The model in the example above is an ordinal probit model. That is, the dependent variable is an ordered categorical variable with J=3 levels, in this example, which is assumed generated by a latent, normally distributed scale cut into K=J-1 thresholds:
y_i \sim Categorical(\pi_{ij})
\pi_{ij}= \Phi[\frac{\theta_k-\mu_i}{\sigma}] - \Phi[\frac{\theta_{k-1}-\mu_i}{\sigma}]
where \pi_{ij} is the probability of case i of ordinal category j \in (1,2,3), \Phi is the standard normal CDF with mean \mu_i and standard deviation \sigma, and \theta_k is the threshold. Here, there are two thresholds. I use the parameterisation where the first and last thresholds are fixed (i.e. both are fixed in this example to 1.5 and 2.5, respectively), allowing for \mu_i and \sigma to be estimated.
In the case of missing y_i data, I want to sum over range the possibilities that y_i could take. So I (think) I want \sum_i \sum_j P(y_i = j | \pi_{ij}) = P(y_i=j) \cdot P(j | \pi_{ij}), i.e. the probability that the missing dependent variable is category j given the estimated probability of category j, for all j.

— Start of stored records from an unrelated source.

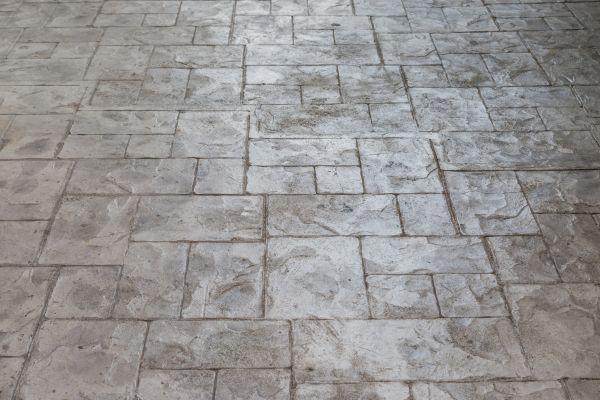 Cost of Pressed Concrete Service in Lynnwood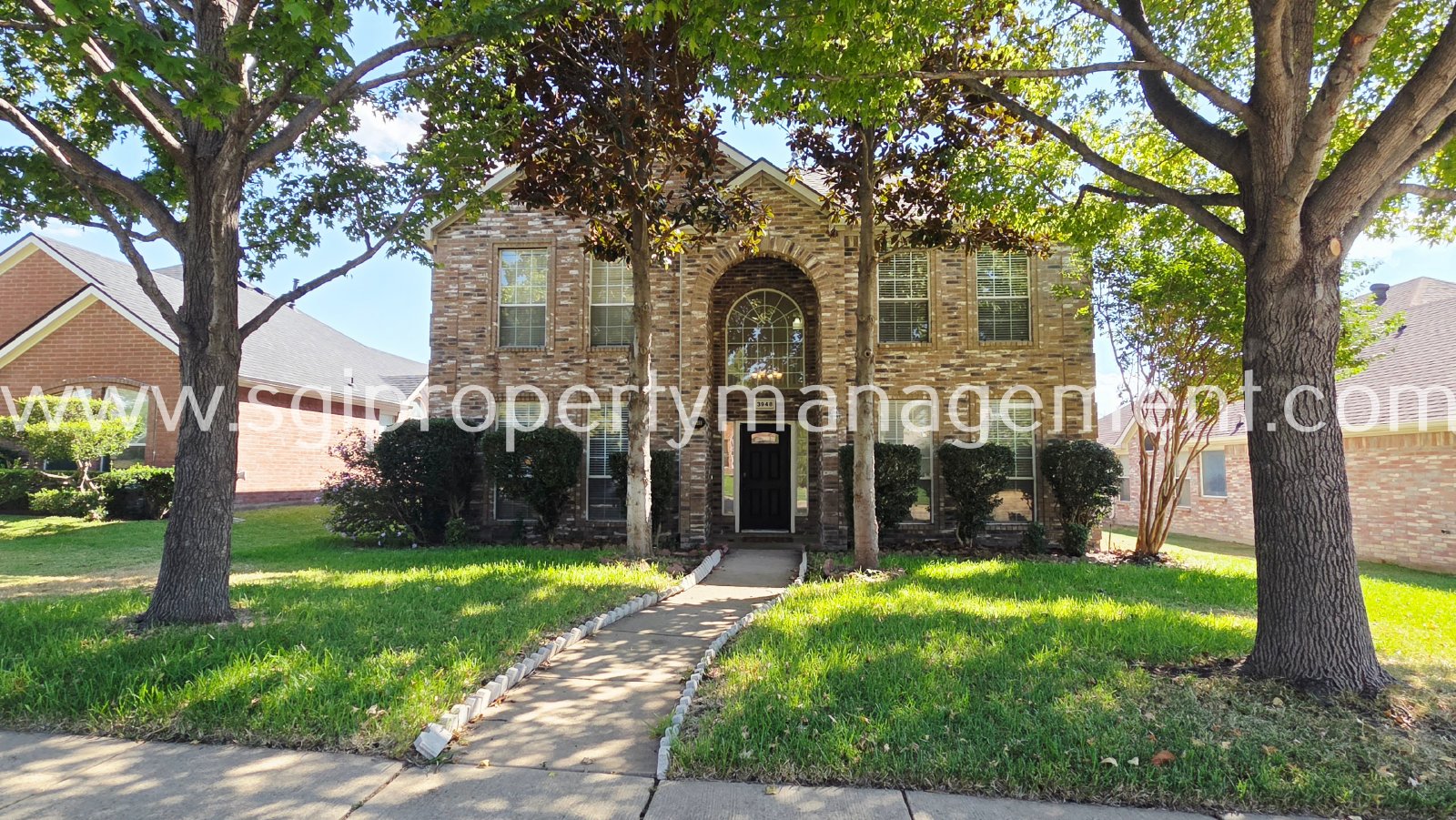 3948 Windford Dr property image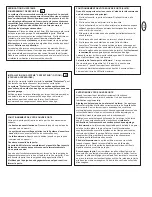 Preview for 22 page of Chamberlain 4400E Manual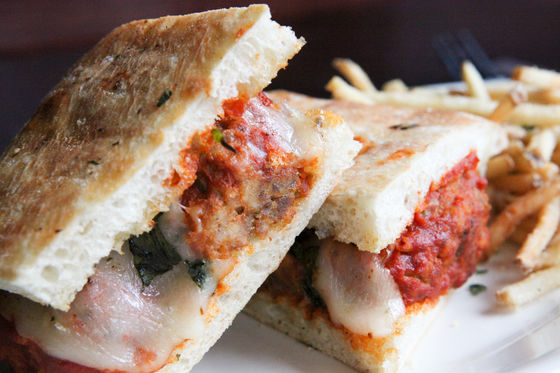 Photo 42 by Drew Fulton for Food Photography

For a Bernoulli variable z_n \in (0,1) with probability \phi, we can marginalise over the missing data by computing:
\phi \cdot P(z_n = 1 | \phi) + (1-\phi) \cdot P(z_n = 0 | \phi)
Stan’s log_mix
function can be used here as (see also Log_mix for missing categorical data):
target += log_mix(phi,
bernoulli_lpmf(1 | phi),
bernoulli_lpmf(0 | phi)
)
which evaluates to:
target += log_sum_exp(
log(phi) + bernoulli_lpmf(1 | phi),
log(1-phi) + bernoulli_lpmf(0 | phi)
)
By extension, for missing 3-category ordinal data cases, I have been using:
target += log_sum_exp(
log(phi[1]) + categorical_lpmf(1 | phi),
log(phi[2]) + categorical_lpmf(2 | phi),
log(phi[3]) + categorical_lpmf(3 | phi)
)
However, this is what is causing the inaccurate parameter estimation.